Déposé le 1er mars 2016 par : Mme Olivier, M. Rouillard.
L'article 122‑6 du code pénal est complété par un 3° ainsi rédigé :
« 3° Pour se défendre contre une personne qui a déjà commis à son encontre des actes de violences de manière réitérée, entretenant une menace permanente. »
Cet amendement vise à améliorer l'évaluation de la légitime défense. La réitération d'actes de violences entretenant une menace permanente doit permettre de faire reconnaître l'état de légitime défense.
Il s'agit de prendre en compte par exemple les cas de violences faites aux femmes poussant les victimes à se défendre contre leur agresseur. Dans ces cas, les actes de violences répétés et l'emprise de l'agresseur sur sa victime peuvent la placer dans un état de danger de mort permanent qui peut expliquer un geste pouvant paraître disproportionné en réponse immédiate.

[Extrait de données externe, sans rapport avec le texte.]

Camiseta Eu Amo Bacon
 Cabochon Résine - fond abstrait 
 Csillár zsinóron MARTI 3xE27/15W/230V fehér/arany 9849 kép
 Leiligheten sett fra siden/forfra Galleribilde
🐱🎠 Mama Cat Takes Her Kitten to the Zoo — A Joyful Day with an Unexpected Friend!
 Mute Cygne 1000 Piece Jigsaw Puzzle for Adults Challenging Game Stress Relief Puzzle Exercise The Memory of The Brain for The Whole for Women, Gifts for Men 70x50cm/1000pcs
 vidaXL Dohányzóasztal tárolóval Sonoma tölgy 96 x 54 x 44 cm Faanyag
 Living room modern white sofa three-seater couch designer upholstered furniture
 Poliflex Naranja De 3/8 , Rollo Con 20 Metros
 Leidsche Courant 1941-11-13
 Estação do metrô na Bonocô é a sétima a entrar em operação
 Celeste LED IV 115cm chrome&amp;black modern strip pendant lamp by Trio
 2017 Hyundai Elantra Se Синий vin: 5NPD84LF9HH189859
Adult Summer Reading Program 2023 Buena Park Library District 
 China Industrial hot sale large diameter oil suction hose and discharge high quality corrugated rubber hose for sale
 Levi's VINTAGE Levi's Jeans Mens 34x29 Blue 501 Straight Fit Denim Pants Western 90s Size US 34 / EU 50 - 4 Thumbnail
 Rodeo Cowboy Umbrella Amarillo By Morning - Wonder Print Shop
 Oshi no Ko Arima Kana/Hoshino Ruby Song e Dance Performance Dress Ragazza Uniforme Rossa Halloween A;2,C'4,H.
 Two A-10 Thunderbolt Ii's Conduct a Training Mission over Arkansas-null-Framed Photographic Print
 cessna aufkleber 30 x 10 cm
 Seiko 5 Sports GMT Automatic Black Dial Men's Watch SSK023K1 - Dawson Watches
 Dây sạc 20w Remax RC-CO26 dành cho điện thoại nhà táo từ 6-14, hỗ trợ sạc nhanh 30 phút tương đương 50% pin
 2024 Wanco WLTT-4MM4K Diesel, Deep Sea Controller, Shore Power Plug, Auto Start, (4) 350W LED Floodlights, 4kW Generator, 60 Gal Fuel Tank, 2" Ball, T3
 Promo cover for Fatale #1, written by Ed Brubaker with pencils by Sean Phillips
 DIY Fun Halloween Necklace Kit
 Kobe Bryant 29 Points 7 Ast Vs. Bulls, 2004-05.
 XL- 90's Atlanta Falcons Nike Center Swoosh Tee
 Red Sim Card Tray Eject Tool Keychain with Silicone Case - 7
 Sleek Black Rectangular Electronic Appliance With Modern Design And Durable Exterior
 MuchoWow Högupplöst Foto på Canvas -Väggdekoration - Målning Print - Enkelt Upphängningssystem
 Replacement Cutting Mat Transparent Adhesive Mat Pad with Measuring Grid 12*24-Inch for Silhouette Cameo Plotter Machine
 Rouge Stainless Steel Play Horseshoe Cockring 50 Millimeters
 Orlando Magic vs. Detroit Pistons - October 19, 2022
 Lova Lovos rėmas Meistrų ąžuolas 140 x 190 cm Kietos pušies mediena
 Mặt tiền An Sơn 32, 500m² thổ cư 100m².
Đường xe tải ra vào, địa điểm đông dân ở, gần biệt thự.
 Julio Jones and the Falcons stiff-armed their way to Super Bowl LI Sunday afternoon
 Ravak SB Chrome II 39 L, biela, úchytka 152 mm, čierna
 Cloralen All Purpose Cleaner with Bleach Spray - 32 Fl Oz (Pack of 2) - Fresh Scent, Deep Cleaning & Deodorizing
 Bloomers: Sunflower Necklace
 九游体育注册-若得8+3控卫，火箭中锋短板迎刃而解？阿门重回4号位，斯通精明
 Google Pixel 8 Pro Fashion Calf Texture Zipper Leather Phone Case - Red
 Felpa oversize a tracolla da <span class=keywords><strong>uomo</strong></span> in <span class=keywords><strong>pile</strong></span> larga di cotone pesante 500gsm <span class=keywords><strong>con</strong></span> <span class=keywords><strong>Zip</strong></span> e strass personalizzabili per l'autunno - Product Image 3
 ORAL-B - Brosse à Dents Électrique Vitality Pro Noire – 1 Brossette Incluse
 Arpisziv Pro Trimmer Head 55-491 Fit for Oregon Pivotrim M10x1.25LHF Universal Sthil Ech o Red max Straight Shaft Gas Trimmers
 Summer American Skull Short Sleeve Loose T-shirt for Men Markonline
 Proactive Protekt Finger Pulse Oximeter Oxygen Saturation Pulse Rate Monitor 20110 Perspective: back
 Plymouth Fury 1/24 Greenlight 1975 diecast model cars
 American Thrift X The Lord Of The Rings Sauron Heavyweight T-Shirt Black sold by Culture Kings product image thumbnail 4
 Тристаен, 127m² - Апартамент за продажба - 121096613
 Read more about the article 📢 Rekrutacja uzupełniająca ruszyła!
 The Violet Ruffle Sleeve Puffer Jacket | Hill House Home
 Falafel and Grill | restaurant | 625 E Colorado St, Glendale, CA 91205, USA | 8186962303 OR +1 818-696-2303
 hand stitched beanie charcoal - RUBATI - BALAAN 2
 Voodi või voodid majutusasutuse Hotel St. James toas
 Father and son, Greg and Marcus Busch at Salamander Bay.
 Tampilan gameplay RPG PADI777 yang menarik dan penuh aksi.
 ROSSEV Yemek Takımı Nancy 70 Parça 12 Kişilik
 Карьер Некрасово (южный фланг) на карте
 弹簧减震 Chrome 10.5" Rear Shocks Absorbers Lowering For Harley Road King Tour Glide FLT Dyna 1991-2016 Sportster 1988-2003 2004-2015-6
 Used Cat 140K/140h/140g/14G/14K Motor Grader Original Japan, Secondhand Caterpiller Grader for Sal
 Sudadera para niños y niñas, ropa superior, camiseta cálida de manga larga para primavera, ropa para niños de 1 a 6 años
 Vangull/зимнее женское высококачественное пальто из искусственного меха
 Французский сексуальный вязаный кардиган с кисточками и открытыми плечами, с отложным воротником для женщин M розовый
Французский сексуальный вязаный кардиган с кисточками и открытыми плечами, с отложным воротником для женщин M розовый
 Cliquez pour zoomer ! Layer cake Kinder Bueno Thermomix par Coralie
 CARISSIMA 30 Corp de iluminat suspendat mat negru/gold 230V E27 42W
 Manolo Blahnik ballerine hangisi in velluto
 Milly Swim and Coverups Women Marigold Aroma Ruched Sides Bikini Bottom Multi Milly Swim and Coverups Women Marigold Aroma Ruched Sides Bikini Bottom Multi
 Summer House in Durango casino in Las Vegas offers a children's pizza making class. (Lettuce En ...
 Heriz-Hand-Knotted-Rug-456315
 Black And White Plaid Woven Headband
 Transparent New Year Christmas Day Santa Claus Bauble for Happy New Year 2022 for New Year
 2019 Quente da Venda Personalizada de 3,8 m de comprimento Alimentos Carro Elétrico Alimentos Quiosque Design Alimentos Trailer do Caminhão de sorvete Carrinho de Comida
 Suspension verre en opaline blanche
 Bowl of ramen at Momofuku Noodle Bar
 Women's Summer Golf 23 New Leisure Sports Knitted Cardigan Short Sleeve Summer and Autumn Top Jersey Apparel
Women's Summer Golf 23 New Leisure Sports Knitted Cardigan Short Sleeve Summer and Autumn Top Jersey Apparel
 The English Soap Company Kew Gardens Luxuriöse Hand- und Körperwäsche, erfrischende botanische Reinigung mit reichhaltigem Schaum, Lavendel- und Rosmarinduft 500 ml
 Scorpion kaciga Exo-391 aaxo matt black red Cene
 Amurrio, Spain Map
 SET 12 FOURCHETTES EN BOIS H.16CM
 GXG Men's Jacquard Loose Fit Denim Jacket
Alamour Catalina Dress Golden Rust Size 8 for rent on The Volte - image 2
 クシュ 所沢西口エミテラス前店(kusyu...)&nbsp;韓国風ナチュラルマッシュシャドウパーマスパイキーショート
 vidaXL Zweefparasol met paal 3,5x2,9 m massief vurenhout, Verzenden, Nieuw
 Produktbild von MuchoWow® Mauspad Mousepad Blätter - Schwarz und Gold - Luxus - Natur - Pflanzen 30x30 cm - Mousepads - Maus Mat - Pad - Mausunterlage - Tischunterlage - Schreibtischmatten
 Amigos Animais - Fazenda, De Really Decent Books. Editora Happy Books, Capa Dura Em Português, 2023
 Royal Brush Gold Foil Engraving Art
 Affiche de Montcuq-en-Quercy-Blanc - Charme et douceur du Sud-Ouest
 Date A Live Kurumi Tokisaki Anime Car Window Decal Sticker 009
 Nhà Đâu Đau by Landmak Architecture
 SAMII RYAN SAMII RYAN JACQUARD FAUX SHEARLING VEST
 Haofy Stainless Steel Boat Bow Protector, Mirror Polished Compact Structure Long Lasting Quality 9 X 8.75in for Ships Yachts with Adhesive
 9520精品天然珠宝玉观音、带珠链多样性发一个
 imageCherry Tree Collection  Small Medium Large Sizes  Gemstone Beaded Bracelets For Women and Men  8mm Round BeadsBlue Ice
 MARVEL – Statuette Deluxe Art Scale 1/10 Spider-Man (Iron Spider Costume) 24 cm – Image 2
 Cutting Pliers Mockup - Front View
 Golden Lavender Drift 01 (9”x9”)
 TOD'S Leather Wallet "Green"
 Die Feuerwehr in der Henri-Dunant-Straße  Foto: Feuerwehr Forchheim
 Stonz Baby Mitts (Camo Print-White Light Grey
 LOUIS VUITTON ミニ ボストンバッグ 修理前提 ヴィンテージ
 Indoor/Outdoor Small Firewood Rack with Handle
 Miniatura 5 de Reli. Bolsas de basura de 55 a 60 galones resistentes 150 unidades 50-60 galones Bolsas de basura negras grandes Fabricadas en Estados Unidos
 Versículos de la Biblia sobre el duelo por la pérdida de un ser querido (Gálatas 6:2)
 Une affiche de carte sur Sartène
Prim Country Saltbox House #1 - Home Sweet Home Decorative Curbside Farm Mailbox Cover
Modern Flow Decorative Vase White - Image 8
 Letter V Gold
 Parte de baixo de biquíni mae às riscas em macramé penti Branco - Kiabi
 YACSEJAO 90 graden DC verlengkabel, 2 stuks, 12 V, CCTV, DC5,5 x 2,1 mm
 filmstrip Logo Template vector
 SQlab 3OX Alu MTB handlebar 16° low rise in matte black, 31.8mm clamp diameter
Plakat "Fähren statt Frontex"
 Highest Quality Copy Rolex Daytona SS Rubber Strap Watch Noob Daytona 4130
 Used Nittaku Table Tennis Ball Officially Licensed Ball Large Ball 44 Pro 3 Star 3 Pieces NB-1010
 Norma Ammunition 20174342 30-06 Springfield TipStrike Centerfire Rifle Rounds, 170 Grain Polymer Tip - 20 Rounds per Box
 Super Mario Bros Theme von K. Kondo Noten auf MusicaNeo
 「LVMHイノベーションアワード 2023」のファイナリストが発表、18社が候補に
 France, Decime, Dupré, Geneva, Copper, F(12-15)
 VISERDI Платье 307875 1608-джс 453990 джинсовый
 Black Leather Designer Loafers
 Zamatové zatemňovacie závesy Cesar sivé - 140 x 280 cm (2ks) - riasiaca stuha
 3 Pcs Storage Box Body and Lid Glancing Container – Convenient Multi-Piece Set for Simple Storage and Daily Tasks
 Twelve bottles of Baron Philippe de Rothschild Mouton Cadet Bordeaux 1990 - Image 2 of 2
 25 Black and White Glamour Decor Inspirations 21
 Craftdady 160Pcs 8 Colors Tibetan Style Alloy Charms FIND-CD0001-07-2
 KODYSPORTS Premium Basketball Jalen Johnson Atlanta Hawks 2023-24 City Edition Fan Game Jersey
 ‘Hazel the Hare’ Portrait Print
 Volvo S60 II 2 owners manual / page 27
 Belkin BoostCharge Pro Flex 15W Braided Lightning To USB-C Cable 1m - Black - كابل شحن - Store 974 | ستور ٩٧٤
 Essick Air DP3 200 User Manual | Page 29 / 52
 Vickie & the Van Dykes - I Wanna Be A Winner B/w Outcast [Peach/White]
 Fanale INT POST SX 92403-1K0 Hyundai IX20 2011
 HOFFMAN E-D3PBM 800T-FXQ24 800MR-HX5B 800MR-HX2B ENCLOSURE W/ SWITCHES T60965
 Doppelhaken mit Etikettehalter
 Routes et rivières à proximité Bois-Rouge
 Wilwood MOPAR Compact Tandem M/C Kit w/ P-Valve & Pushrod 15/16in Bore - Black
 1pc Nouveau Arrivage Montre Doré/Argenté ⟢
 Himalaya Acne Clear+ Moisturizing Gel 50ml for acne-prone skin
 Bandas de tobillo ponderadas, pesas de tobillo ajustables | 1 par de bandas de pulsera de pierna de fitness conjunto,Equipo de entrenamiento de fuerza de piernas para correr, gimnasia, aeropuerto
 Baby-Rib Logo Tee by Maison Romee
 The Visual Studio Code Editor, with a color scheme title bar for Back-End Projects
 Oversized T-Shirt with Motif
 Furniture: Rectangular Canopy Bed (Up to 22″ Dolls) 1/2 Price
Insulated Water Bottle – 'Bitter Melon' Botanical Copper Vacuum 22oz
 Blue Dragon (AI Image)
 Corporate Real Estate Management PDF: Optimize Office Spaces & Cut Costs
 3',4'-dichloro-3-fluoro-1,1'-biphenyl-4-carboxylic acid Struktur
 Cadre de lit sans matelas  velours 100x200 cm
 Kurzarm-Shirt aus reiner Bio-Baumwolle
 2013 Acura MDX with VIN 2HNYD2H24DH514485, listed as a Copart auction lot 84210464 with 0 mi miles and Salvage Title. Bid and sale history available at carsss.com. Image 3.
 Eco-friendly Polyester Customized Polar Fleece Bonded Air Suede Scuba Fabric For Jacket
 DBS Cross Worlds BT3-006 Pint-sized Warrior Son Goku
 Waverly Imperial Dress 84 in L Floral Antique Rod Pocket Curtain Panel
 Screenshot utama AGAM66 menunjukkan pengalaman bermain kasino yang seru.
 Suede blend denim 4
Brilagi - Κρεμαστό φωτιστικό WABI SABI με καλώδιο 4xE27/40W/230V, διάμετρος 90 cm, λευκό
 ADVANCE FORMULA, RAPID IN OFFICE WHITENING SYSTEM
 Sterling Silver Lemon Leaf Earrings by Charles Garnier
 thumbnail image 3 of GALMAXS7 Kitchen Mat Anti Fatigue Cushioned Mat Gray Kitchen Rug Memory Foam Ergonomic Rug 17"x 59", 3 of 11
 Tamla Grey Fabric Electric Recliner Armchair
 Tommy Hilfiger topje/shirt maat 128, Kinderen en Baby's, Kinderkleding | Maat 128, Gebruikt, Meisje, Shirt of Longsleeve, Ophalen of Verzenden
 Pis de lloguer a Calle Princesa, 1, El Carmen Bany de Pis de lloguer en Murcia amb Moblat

Cette rédaction s'inspire de l'article 34 du Code criminel canadien qui n'a pas créé un régime spécifique aux femmes victimes de violences. En 1990, la Cour suprême du Canada (arrêt Lavallée) a acquitté MmeLavallée qui avait tué son compagnon violent alors qu'il quittait la chambre et lui tournait le dos. Cette situation interrogeait les critères d'actualité, de proportionnalité et de nécessité permettant de caractériser la légitime défense. Dans l'arrêt, la juge souligne que la légitime défense a été conçue pour un « hypothétique homme raisonnable », qui ne se trouve pas dans la situation des femmes victimes des violences de leur conjoint. Elle s'appuie sur les travaux de la psychologue américaine Leonor Walker qui montre le caractère cyclique de ces violences et leur impact psycho-traumatique nommé « syndrome de la femme battue ».
Au sujet du critère de « l'actualité », la juge écrit : « l'exigence posée […] qu'une femme battue attende que l'agression soit »en cours« pour que ses appréhensions soient reconnues comme juridiquement valables […] n'apporte rien à la société, si ce n'est peut-être le risque accru que la femme battue soit elle-même tuée, de l'obliger à attendre que le mari qui la maltraite se remette à la battre, pour pouvoir agir avec justification. » La jurisprudence Lavallée et celles postérieures ont été intégrées dans le code criminel canadien en 2012, à l'occasion d'une refonte générale de la définition de la légitime défense.
Selon l'art. 34 (2) de ce code, « la nature, la durée et l'historique des rapports entre les parties en cause, notamment tout emploi ou toute menace d'emploi de la force avant l'incident, ainsi que la nature de cette force ou de cette menace » doivent être pris en compte pour apprécier si la personne alléguant la légitime défense a agi de façon raisonnable.